The problem: What you should end up with is an exact copy of the lines from the one holding "Wulumuqi Tennis Courts" through the last line of the entries below, both included, and nothing else; leave every picture out.

---+---

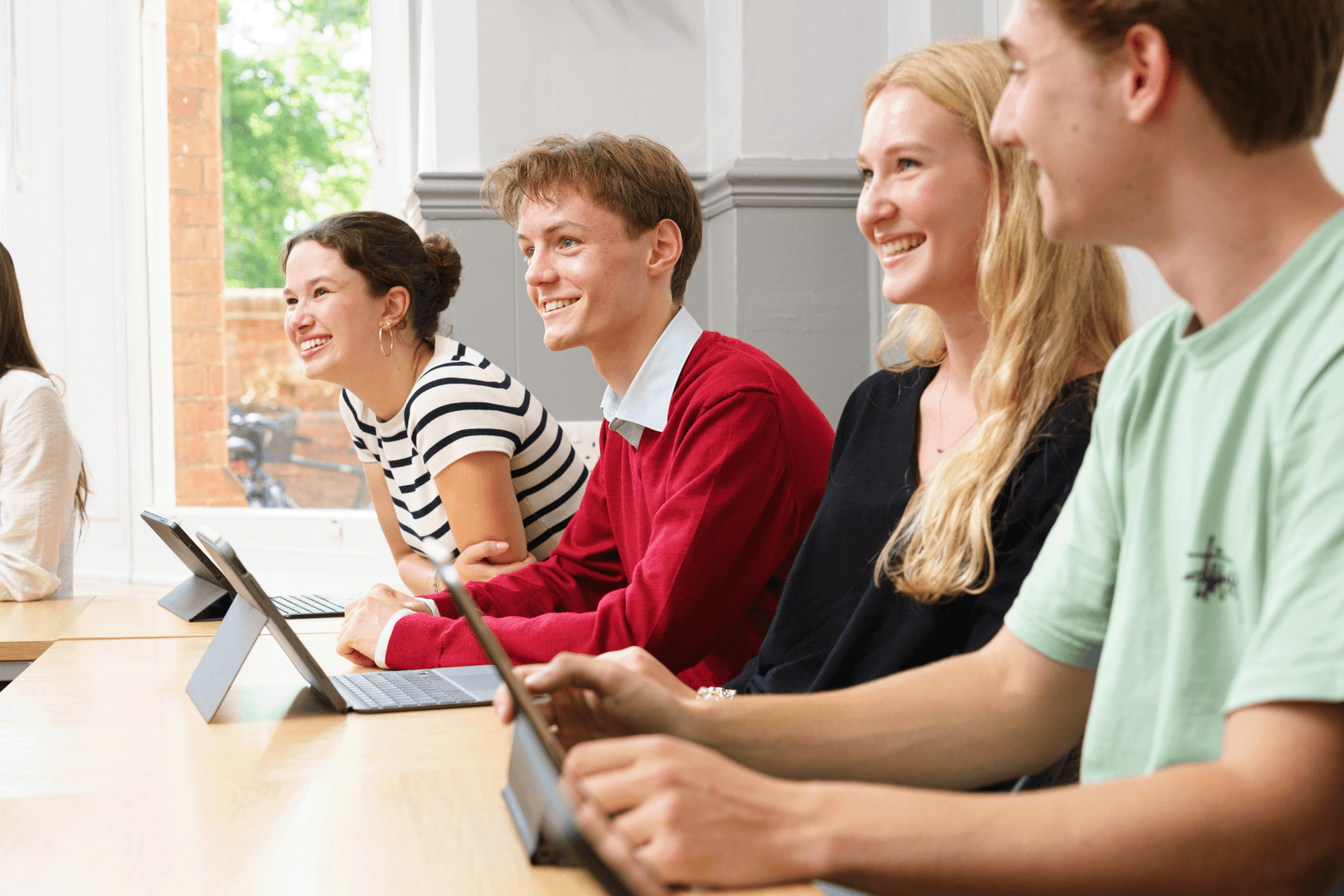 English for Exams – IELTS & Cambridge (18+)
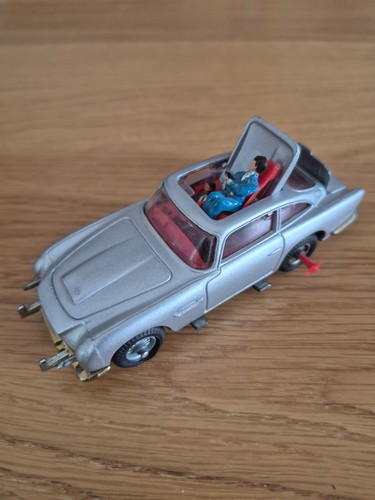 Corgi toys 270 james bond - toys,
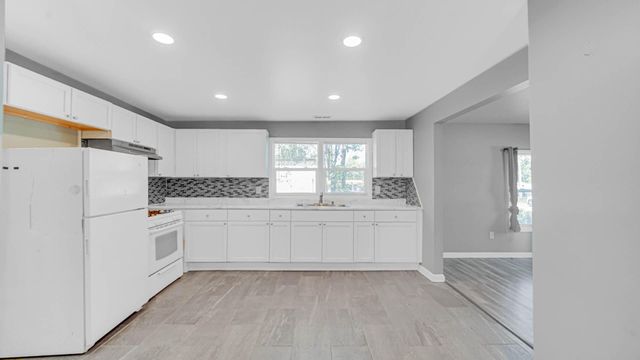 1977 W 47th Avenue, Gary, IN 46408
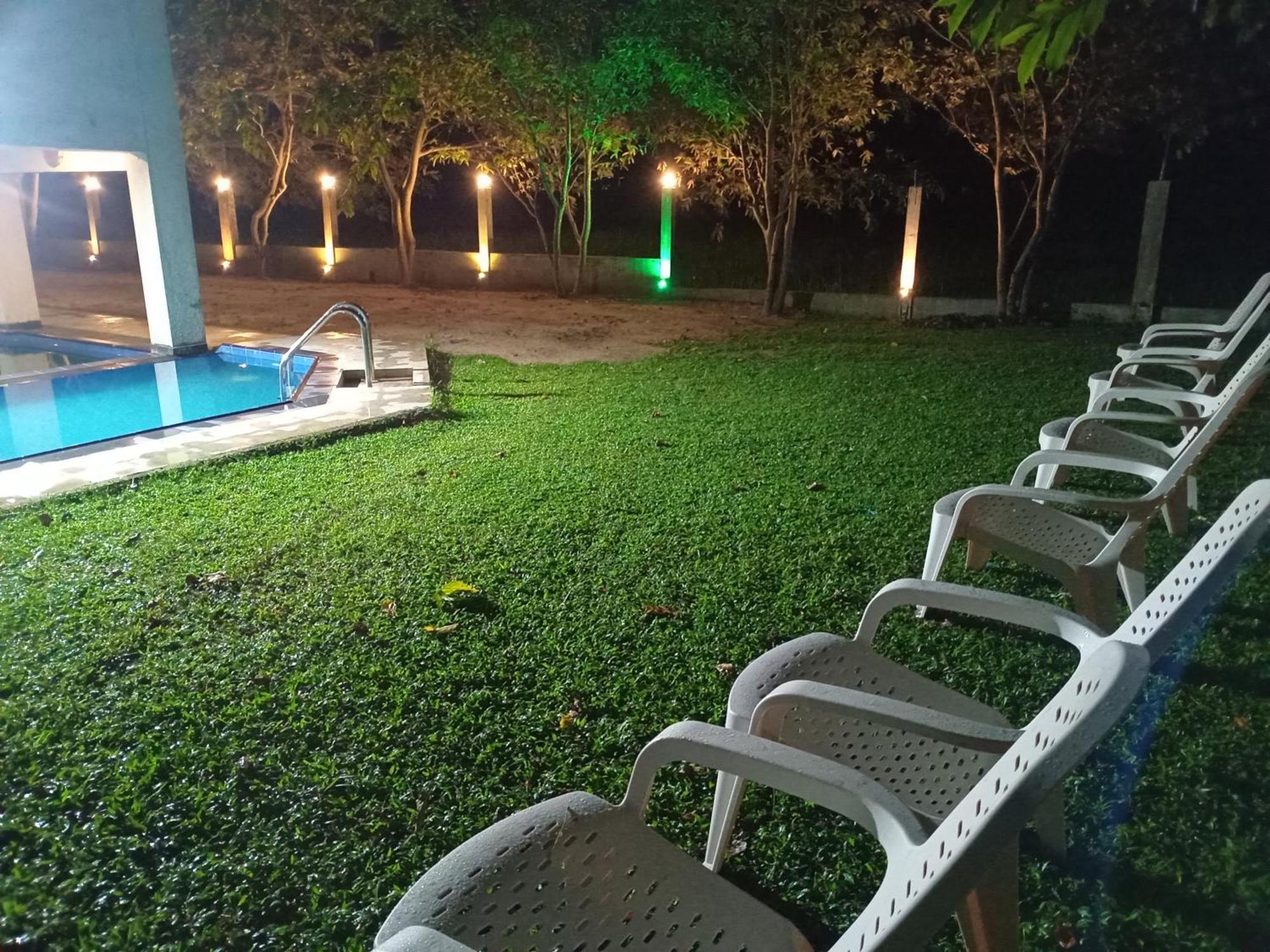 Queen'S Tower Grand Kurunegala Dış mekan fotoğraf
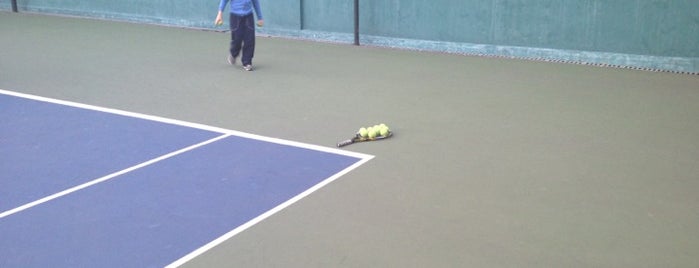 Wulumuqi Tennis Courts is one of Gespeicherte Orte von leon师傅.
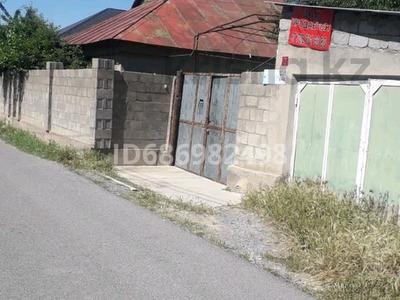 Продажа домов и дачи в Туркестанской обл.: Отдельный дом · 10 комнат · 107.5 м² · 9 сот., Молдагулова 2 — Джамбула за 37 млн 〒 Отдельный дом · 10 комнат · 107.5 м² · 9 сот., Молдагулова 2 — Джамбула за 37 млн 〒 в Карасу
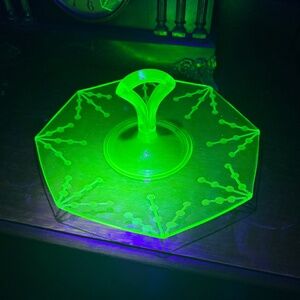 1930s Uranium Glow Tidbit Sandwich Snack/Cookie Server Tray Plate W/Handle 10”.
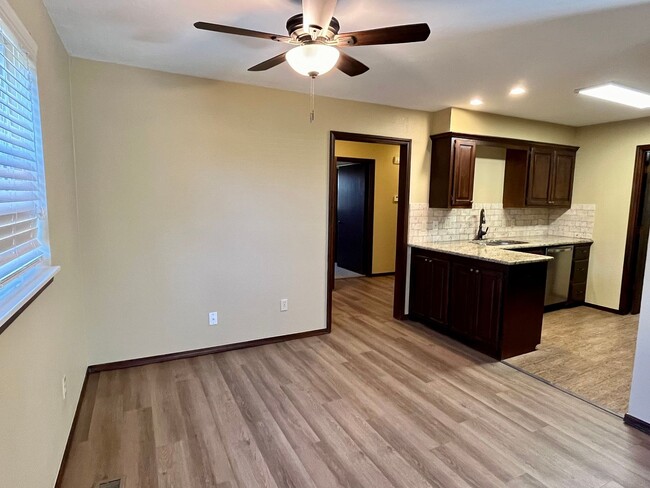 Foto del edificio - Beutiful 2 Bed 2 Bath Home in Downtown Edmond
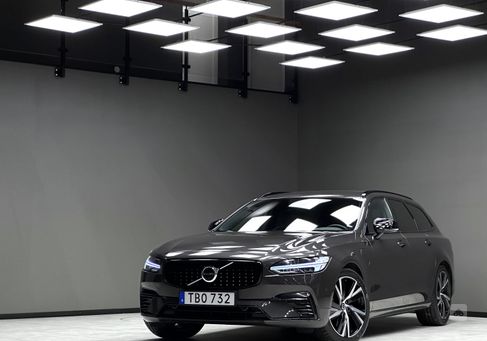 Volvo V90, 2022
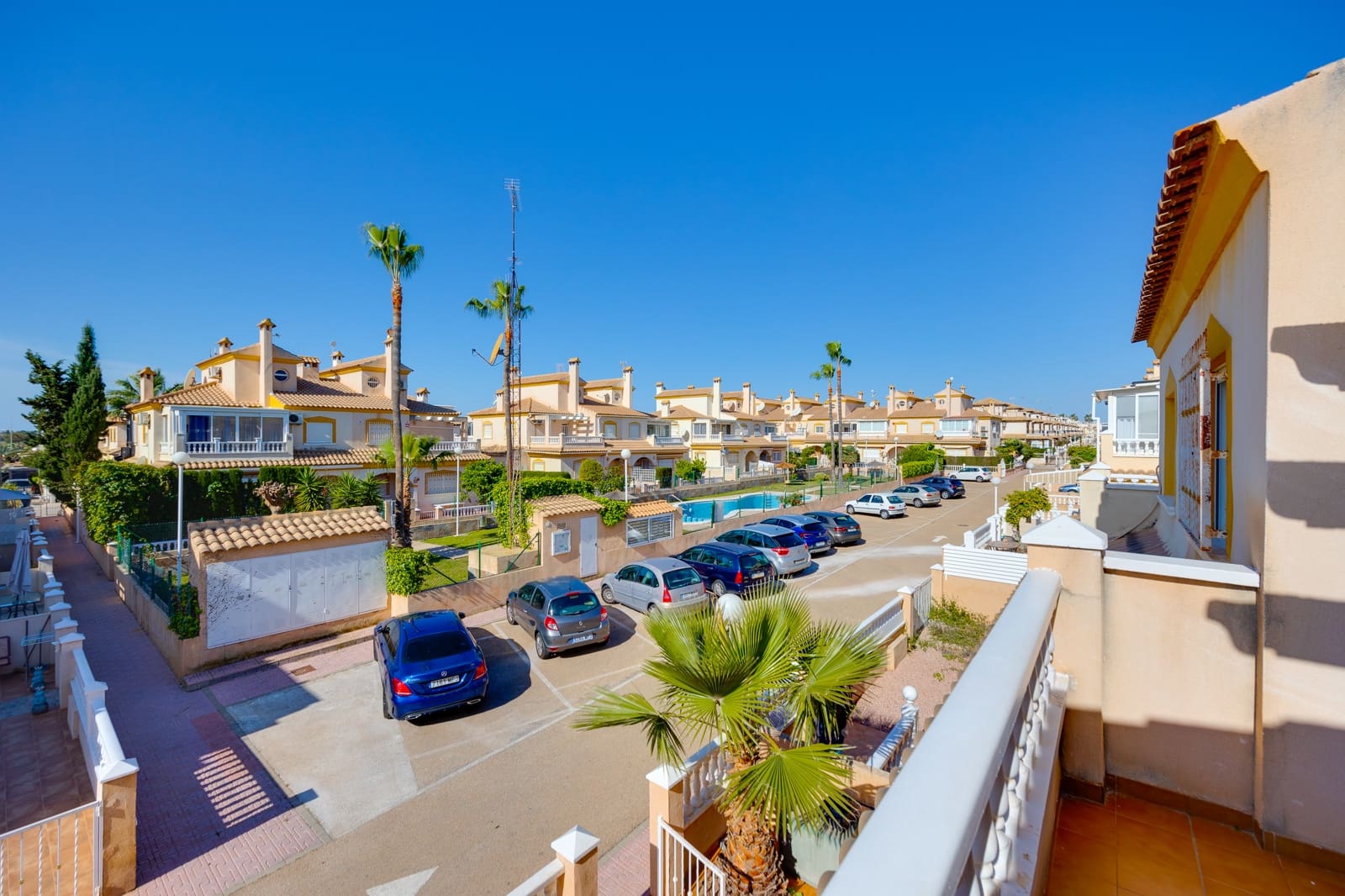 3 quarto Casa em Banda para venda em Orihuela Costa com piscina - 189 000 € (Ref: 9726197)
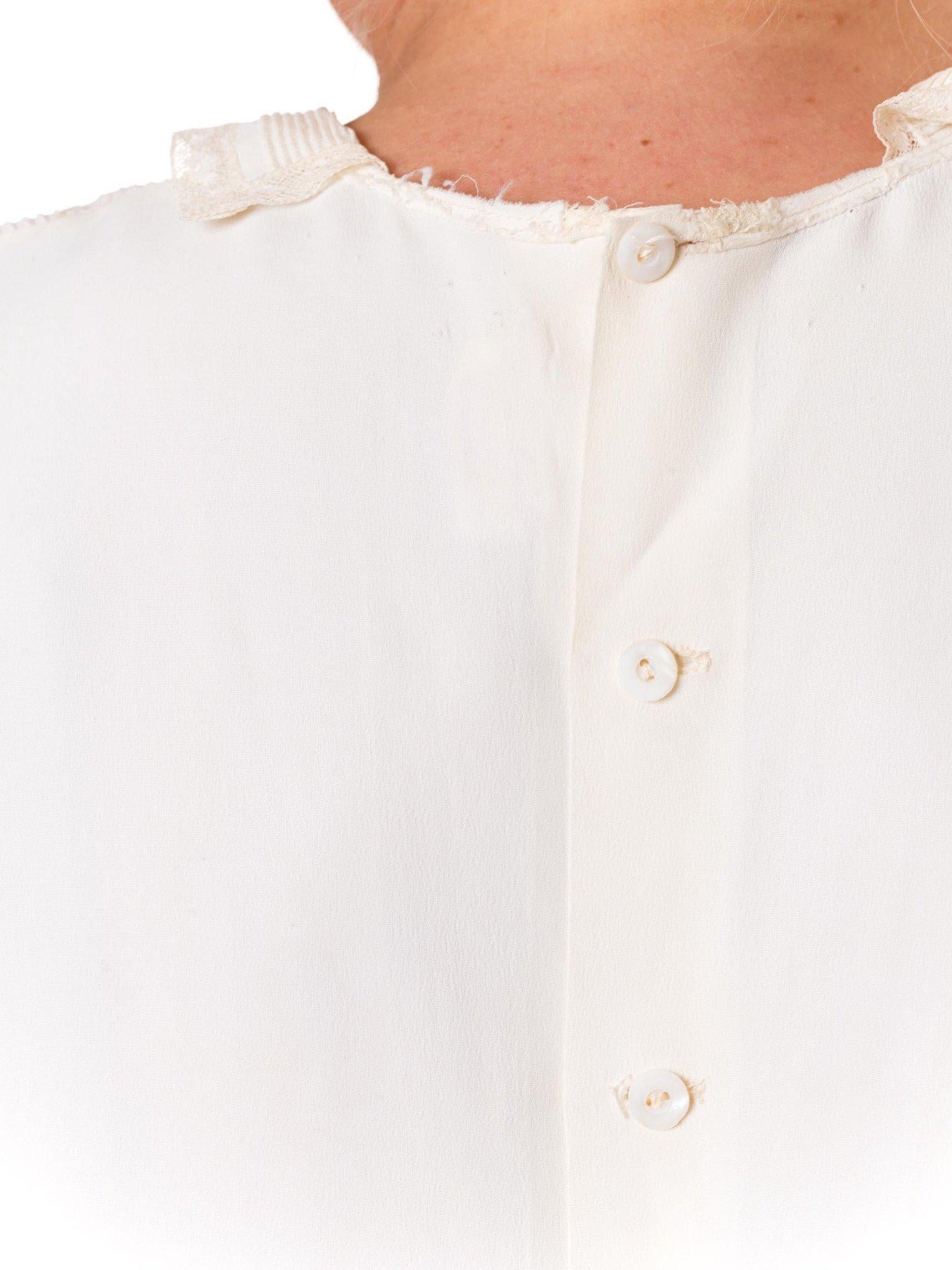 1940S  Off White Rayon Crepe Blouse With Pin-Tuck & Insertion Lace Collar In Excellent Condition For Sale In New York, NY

---+---

Output for this exercise:
 Wulumuqi Tennis Courts is one of Gespeicherte Orte von leon师傅.
 Продажа домов и дачи в Туркестанской обл.: Отдельный дом · 10 комнат · 107.5 м² · 9 сот., Молдагулова 2 — Джамбула за 37 млн 〒 Отдельный дом · 10 комнат · 107.5 м² · 9 сот., Молдагулова 2 — Джамбула за 37 млн 〒 в Карасу
 1930s Uranium Glow Tidbit Sandwich Snack/Cookie Server Tray Plate W/Handle 10”.
 Foto del edificio - Beutiful 2 Bed 2 Bath Home in Downtown Edmond
 Volvo V90, 2022
 3 quarto Casa em Banda para venda em Orihuela Costa com piscina - 189 000 € (Ref: 9726197)
 1940S  Off White Rayon Crepe Blouse With Pin-Tuck & Insertion Lace Collar In Excellent Condition For Sale In New York, NY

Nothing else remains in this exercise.